Tribunal Administratif de Nantes — Décision N° TA44-2311798

lundi 22 juillet 2024

JuridictionTribunal Administratif de Nantes
SectionTribunal Administratif de Nantes
N° DossierTA44-2311798
TypeDécision
RecoursExcès de pouvoir
PublicationC
Formation9ème chambre
Avocat requérantBOURGEOIS

Texte intégral

Vu la procédure suivante :

Par une requête et un mémoire enregistrés les 9 août et 13 novembre 2023, M. B A et M. C A, représentés par Me Bourgeois, demandent au tribunal, dans le dernier état de leurs écritures :

1°) d'annuler la décision du 13 septembre 2023 par laquelle la commission de recours contre les décisions de refus de visa d'entrée en France a rejeté le recours contre la décision du 14 mars 2023 de l'autorité consulaire française à Kinshasa (République démocratique du Congo) refusant de délivrer à M. C A un visa de long séjour en qualité de membre de la famille d'un réfugié ;

2°) d'enjoindre au ministre de l'intérieur et des outre-mer de délivrer ce visa, dans le délai de quinze jours à compter de la notification du jugement à intervenir, sous astreinte de 150 euros par jour de retard, ou, à défaut, de réexaminer la demande dans les mêmes conditions de délai et d'astreinte ;

3°) de mettre à la charge de l'Etat une somme de 1 500 euros à verser à leur conseil en application de l'article L. 761-1 du code de justice administrative et de l'article 37 de la loi du 10 juillet 1991.

Ils soutiennent que :

- la décision attaquée est insuffisamment motivée faute pour cette commission d'avoir répondu à la demande de communication des motifs dans le délai d'un mois prévu par l'article L. 232-4 du code des relations entre le public et l'administration ;

- elle est entachée d'une erreur de droit dès lors que l'identité du demandeur de visa et son lien familial avec le réunifiant sont établis ;

- le motif tiré de ce que la demanderesse ne serait pas éligible à la procédure de réunification familiale est entaché d'une erreur de droit ;

- le motif tiré de ce que le demandeur de visa n'est pas éligible, en raison de son âge, à la réunification familiale, est entaché d'une erreur de droit et d'une erreur d'appréciation ;

- elle est entachée d'une erreur manifeste d'appréciation eu égard aux conséquences sur leur situation personnelle et méconnaît les stipulations de l'article 8 de la convention européenne de sauvegarde des droits de l'homme et des libertés fondamentales ainsi que celles du paragraphe 1 de l'article 3 de la convention internationale des droits de l'enfant, le principe de l'unité de famille et le droit au regroupement familial protégé par la directive 2003/86/CE du Conseil du 22 septembre 2003.

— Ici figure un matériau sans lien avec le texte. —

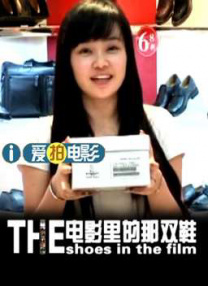 丁香婷婷久久久综合精品国产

Par un mémoire en défense enregistré le 3 mai 2024, le ministre de l'intérieur et des outre-mer conclut au rejet de la requête.

Il fait valoir que les moyens soulevés par M. A et M. A ne sont pas fondés.

M. B A a été admis au bénéfice de l'aide juridictionnelle totale par une décision du 9 avril 2024.

Vu les autres pièces du dossier.

Vu :

- la convention internationale relative aux droits de l'enfant ;

- la convention européenne de sauvegarde des droits de l'homme et des libertés fondamentales ;

- la directive 2003/86/CE du Conseil du 22 septembre 2003 ;

- le code de l'entrée et du séjour des étrangers et du droit d'asile ;

- la loi n° 91-647 du 10 juillet 1991 ;

- le code de justice administrative.

Les parties ont été régulièrement averties du jour de l'audience.

Ont été entendus au cours de l'audience publique :

- le rapport de Mme Heng,

- les conclusions de M. Guilloteau, rapporteur public,

- et les observations de Me Rombout, substituant Me Bourgeois, représentant M. A et M. A.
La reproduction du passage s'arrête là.